WORK REQUIRED -> All of the entries need to be copied character for character.

+ + + + +

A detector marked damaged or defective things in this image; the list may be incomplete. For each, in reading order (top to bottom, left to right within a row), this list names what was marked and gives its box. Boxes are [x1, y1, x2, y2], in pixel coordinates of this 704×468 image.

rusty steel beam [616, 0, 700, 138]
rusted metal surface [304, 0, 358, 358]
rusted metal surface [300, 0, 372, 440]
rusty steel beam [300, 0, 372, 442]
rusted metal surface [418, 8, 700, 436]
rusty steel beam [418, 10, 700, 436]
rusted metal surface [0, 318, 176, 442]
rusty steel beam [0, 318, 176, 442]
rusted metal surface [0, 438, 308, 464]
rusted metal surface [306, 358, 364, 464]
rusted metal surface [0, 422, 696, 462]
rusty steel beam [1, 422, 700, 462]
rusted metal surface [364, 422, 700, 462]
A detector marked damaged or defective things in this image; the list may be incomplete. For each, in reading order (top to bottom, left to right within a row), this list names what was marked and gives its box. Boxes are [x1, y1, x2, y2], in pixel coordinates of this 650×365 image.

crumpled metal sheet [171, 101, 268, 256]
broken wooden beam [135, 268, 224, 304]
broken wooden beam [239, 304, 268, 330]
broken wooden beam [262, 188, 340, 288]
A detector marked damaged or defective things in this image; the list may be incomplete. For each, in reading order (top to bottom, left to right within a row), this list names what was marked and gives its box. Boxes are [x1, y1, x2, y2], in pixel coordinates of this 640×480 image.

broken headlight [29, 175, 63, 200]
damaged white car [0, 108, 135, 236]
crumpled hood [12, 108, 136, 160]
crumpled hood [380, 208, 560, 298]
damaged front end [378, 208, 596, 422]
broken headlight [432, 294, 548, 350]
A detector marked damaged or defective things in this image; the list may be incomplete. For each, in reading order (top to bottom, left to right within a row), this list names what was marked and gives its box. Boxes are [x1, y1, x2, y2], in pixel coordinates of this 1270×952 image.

+ + + + +

EXERCISE SOLUTION ->
A detector marked damaged or defective things in this image; the list may be incomplete. For each, in reading order (top to bottom, left to right within a row), this list names what was marked and gives its box. Boxes are [x1, y1, x2, y2], in pixel coordinates of this 704×468 image.

rusty steel beam [616, 0, 700, 138]
rusted metal surface [304, 0, 358, 358]
rusted metal surface [300, 0, 372, 440]
rusty steel beam [300, 0, 372, 442]
rusted metal surface [418, 8, 700, 436]
rusty steel beam [418, 10, 700, 436]
rusted metal surface [0, 318, 176, 442]
rusty steel beam [0, 318, 176, 442]
rusted metal surface [0, 438, 308, 464]
rusted metal surface [306, 358, 364, 464]
rusted metal surface [0, 422, 696, 462]
rusty steel beam [1, 422, 700, 462]
rusted metal surface [364, 422, 700, 462]
A detector marked damaged or defective things in this image; the list may be incomplete. For each, in reading order (top to bottom, left to right within a row), this list names what was marked and gives its box. Boxes are [x1, y1, x2, y2], in pixel coordinates of this 650×365 image.

crumpled metal sheet [171, 101, 268, 256]
broken wooden beam [135, 268, 224, 304]
broken wooden beam [239, 304, 268, 330]
broken wooden beam [262, 188, 340, 288]
A detector marked damaged or defective things in this image; the list may be incomplete. For each, in reading order (top to bottom, left to right within a row), this list names what was marked and gives its box. Boxes are [x1, y1, x2, y2], in pixel coordinates of this 640×480 image.

broken headlight [29, 175, 63, 200]
damaged white car [0, 108, 135, 236]
crumpled hood [12, 108, 136, 160]
crumpled hood [380, 208, 560, 298]
damaged front end [378, 208, 596, 422]
broken headlight [432, 294, 548, 350]
A detector marked damaged or defective things in this image; the list may be incomplete. For each, in reading order (top to bottom, left to right within a row), this list names what was marked and gives its box. Boxes are [x1, y1, x2, y2], in pixel coordinates of this 1270×952 image.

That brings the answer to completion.